This is my little handbook to get smart informations directly from drives attached to HPE Smart Array, tested on a p420i and, as soon as I’ll test on other devices, i’ll upgrade this handbook.
The type of device needed by smartctl is “cciss,N” and N is the disk number, starting from 0 to poll data from and to issue commands to.
The device /dev/sg0 may vary but, in a single controller situation (slot=0 in ssacli) it would probably be sg0
In this example I’ll poll smart data from the disk in bay 4 on my ProLiant DL385p G8 server.
~# smartctl -a -d cciss,3 /dev/sg0
smartctl 7.2 2020-12-30 r5155 [x86_64-linux-5.4.114-1-pve] (local build)
Copyright (C) 2002-20, Bruce Allen, Christian Franke, www.smartmontools.org
=== START OF INFORMATION SECTION ===
Vendor: TOSHIBA
Product: AL13SXB600N
Revision: 0101
Compliance: SPC-3
User Capacity: 600,127,266,816 bytes [600 GB]
Logical block size: 512 bytes
Rotation Rate: 15000 rpm
Form Factor: 2.5 inches
Logical Unit id: 0x5000039978139990
Serial number: 6960A0DTF6TA
Device type: disk
Transport protocol: SAS (SPL-3)
Local Time is: Wed Aug 18 21:38:35 2021 CEST
SMART support is: Available - device has SMART capability.
SMART support is: Enabled
Temperature Warning: Disabled or Not Supported
=== START OF READ SMART DATA SECTION ===
SMART Health Status: FIRMWARE IMPENDING FAILURE TOO MANY BLOCK REASSIGNS [asc=5d, ascq=64]

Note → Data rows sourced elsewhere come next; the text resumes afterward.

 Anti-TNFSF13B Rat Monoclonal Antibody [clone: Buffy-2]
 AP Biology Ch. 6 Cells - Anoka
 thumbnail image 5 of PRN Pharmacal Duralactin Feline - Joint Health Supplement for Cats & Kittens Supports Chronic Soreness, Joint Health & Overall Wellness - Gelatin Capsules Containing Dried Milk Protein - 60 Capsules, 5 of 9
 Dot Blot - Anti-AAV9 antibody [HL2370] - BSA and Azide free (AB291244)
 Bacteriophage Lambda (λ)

Current Drive Temperature: 40 C
Drive Trip Temperature: 65 C
Accumulated power on time, hours:minutes 5723:15
Manufactured in week 23 of year 2019
Specified cycle count over device lifetime: 50000
Accumulated start-stop cycles: 14
Specified load-unload count over device lifetime: 600000
Accumulated load-unload cycles: 694
Elements in grown defect list: 9981
Error counter log:
Errors Corrected by Total Correction Gigabytes Total
ECC rereads/ errors algorithm processed uncorrected
fast | delayed rewrites corrected invocations [10^9 bytes] errors
read: 0 14260 244 213 0 128578.681 31
write: 0 0 0 0 0 972.518 0
Non-medium error count: 45
SMART Self-test log
Num Test Status segment LifeTime LBA_first_err [SK ASC ASQ]

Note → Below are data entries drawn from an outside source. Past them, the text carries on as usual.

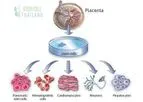 Placenta, Amniotic Membrane & Chorion Derived Stem Cells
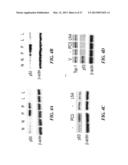 SAPOSIN-A DERIVED PEPTIDES AND USES THEREOF diagram and image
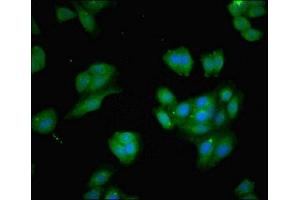 Immunofluorescent analysis of HepG2 cells using ABIN7145741 at dilution of 1:100 and Alexa Fluor 488-congugated AffiniPure Goat Anti-Rabbit IgG(H+L) (BCAT1 antibody  (AA 4-276))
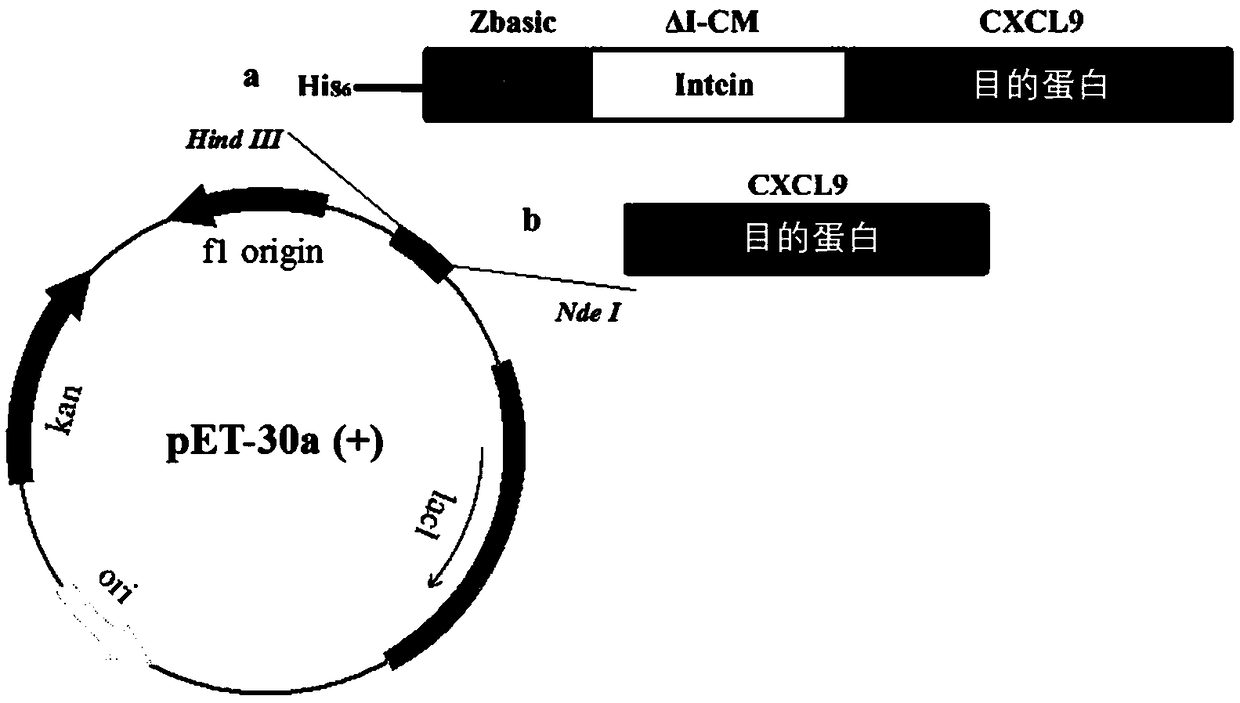 Method for expression and purification of recombinant CXCL9 (C-X-C motif chemokine 9) protein and application of method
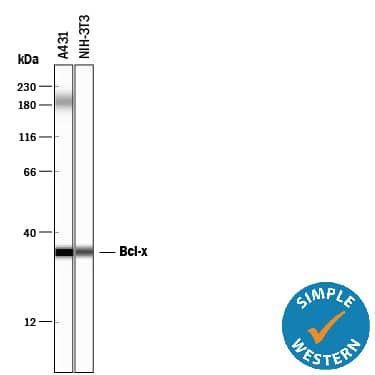 Simple Western lane view shows lysates of A431 human epithelial carcinoma cell line and NIH‑3T3 mouse embryonic fibroblast cell line, loaded at 0.2 mg/mL. A specific band was detected for Bcl‑x at approximately 34 kDa (as indicated) using 3 µg/mL of Rabbit Anti-Human/Mouse Bcl‑x Antigen Affinity-purified Polyclonal Antibody (Catalog # AF800). This experiment was conducted under reducing conditions and using the 12-230 kDa separation system.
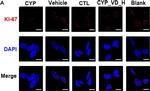 Rabbit IgG (H+L) Cross-Adsorbed Secondary Antibody in Immunocytochemistry (ICC/IF)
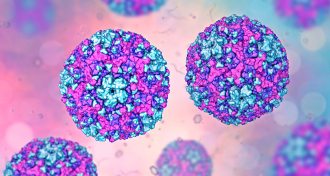 an illustration of coxsackieviruses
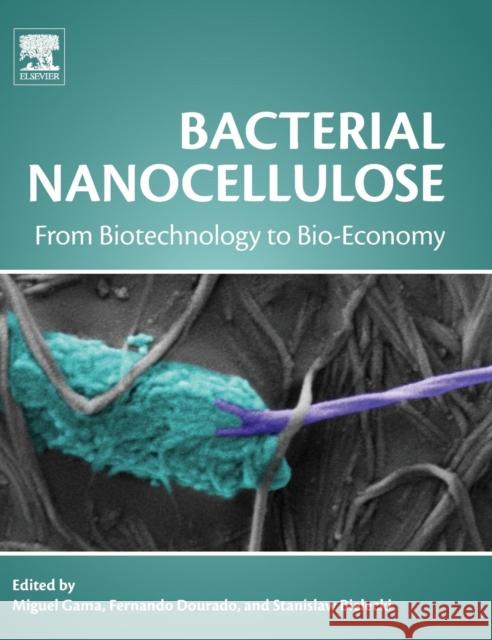 Bacterial Nanocellulose: From Biotechnology to Bio-Economy Gama, Francisco 9780444634580 Elsevier - książka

Description number (hours)
# 1 Background long Failed in segment --> 3 5723 - [0x6 0x5d 0x64]
# 2 Background short Failed in segment --> 3 5723 - [0x6 0x5d 0x64]

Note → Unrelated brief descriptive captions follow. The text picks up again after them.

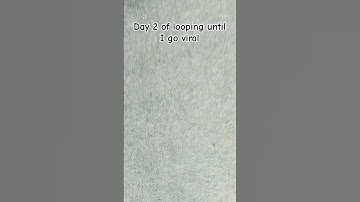 Day 2 of looping until I go viral Subscribe!!! #shorts #viralshorts #loop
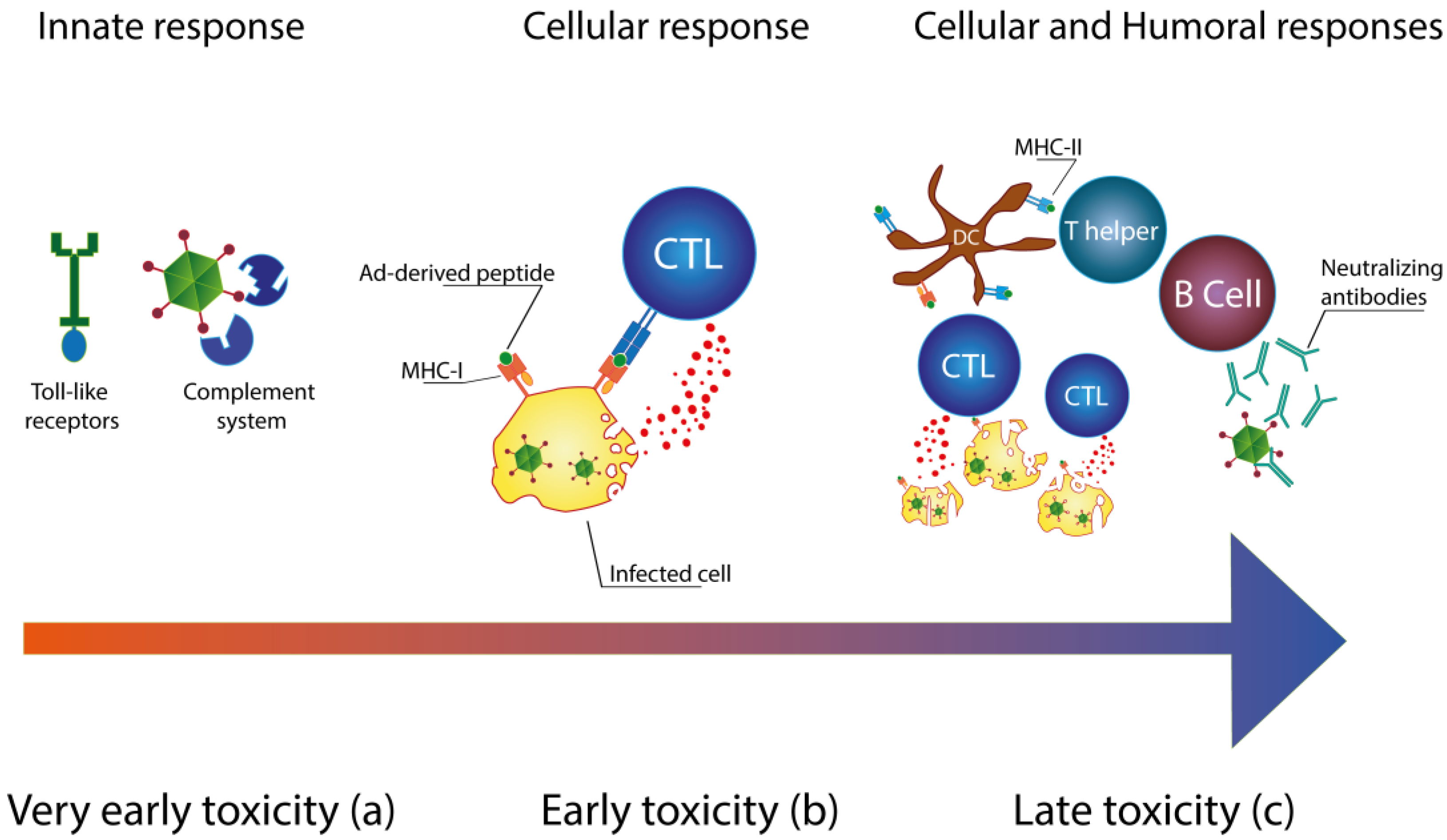 Viruses 06 00832 g001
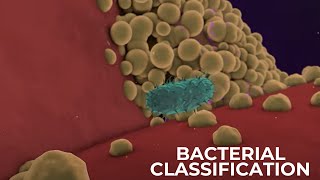 Classification of Bacteria on the basis of Respiration  Shapes amp Cell Wall Composition [upl. by Held915]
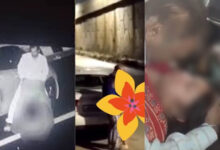 Viral Video वायरल हो रहा धाकड़ जैसा छत्‍तीसगढ़ का वीडियो, जानिए क्‍या है सच्‍चाई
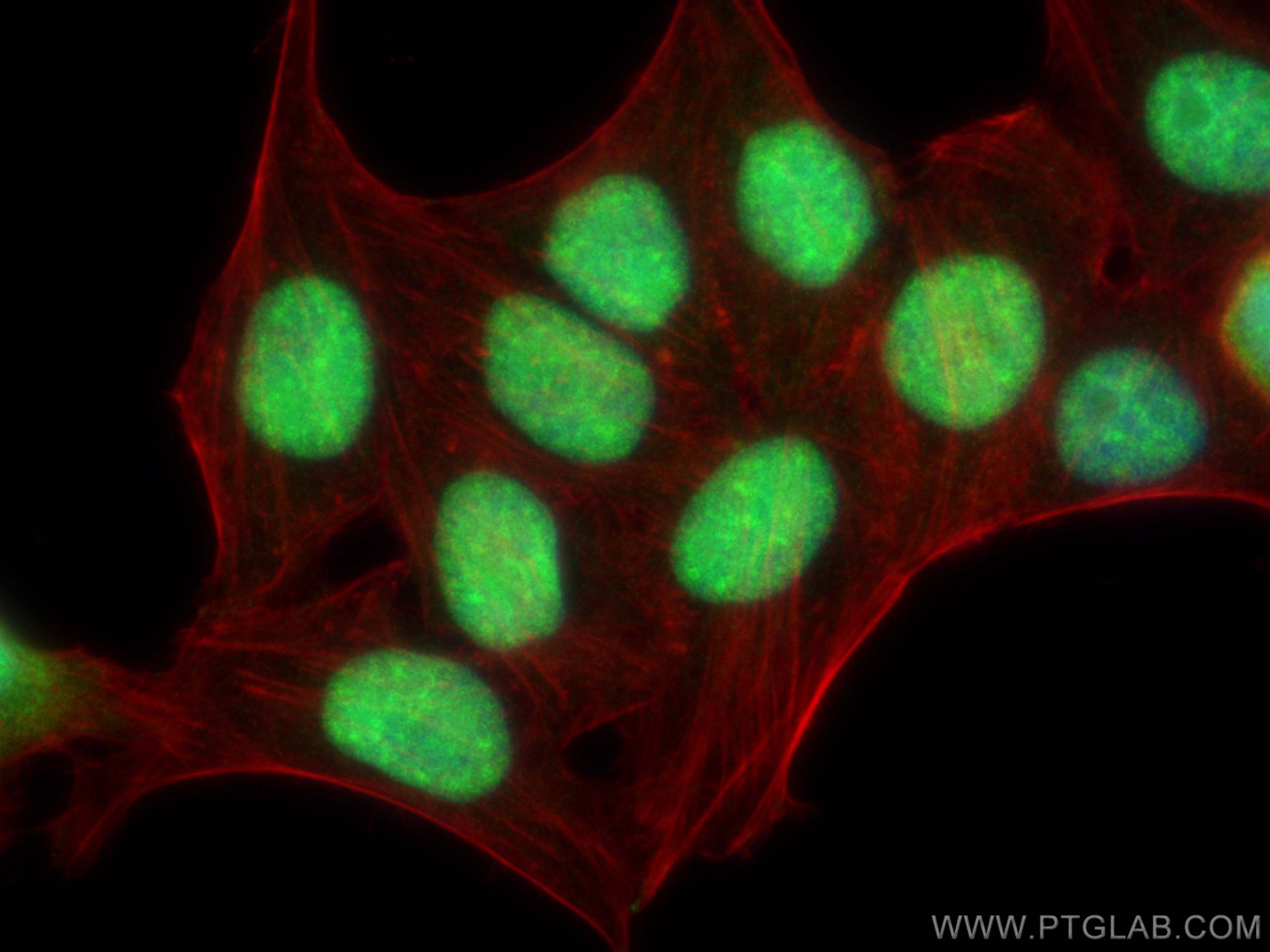 Immunofluorescence (IF) / fluorescent staining of HepG2 cells using EIF4A3 Monoclonal antibody (67740-1-Ig)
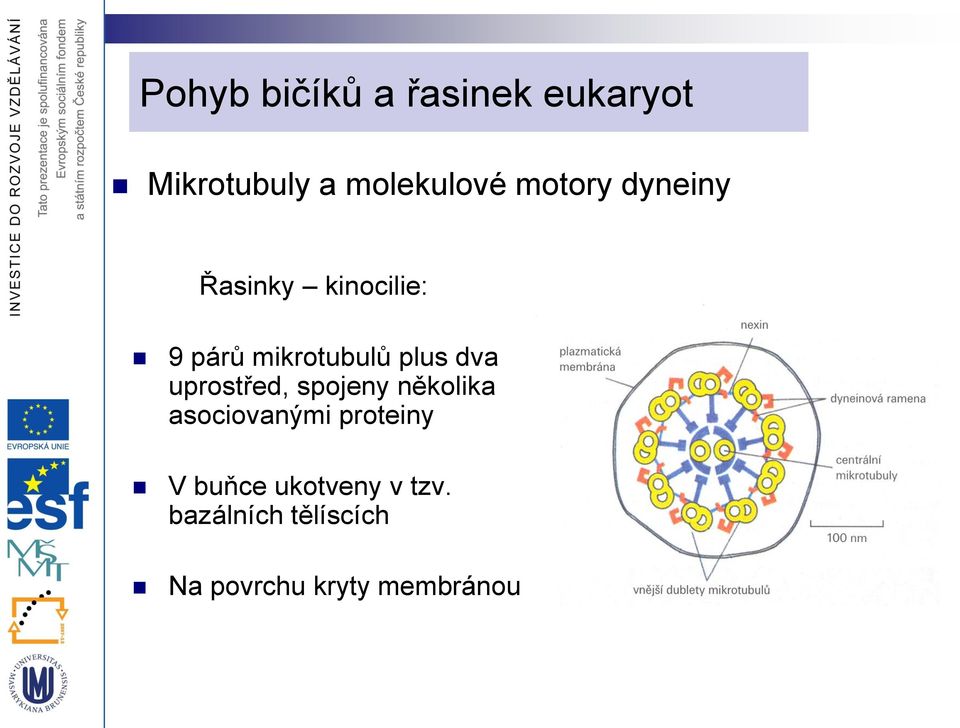 dva uprostřed, spojeny několika asociovanými proteiny V
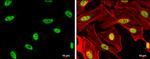 DPPA4 Antibody in Immunocytochemistry (ICC/IF)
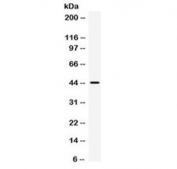Western blot testing of human U87 cell lysate with IRF9 antibody at 0.5ug/ml. Predicted molecular weight: 44-48 kDa.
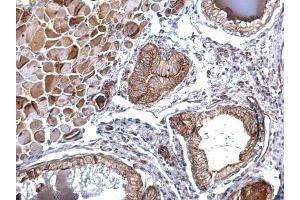 IHC-P Image Folate receptor beta antibody detects Folate receptor beta protein at membrane on mouse prostate by immunohistochemical analysis.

Long (extended) Self-test duration: 3772 seconds [62.9 minutes]
In this case the disk is defective and the controller refuses do do anything with, the SAN which comes from, MSA2324i, gave me the following errors in logs
There is a problem with a FRU. (FRU type: disk, enclosure: 1, device ID: 4, vendor: TOSHIB, product ID: AL13SXB600N , SN: 6960A0DTF6TA, version: 0101, related event serial number: A18466, related event code: 62)
An error was detected by a disk drive. (disk: channel: 0, ID: 4, SN: 6960A0DTF6TA, enclosure: 1, slot: 5)(Key,Code,Qual:0x1,0x5D,0x64)(CDB:Rd 0000003f 0001)(CmdSpc:0x0, FRU:0x0, SnsKeySpc:0x0)(Recovered Error, firmware impending failure too many block reassigns)
A disk drive reported a SMART event. (disk: channel: 0, ID: 4, SN: 6960A0DTF6TA, enclosure: 1, slot: 5) sense key:Recovered Error(0x01) ASC:0x5D ASCQ:0x64 firmware impending failure too many block reassigns Info:0x00000000
So I decided to put it in my server to get a more accurate diagnosis and got that it was correct.
Once is known the mapping of drives in the array, would be simple to configure smartd daemon to get emails on failing devices.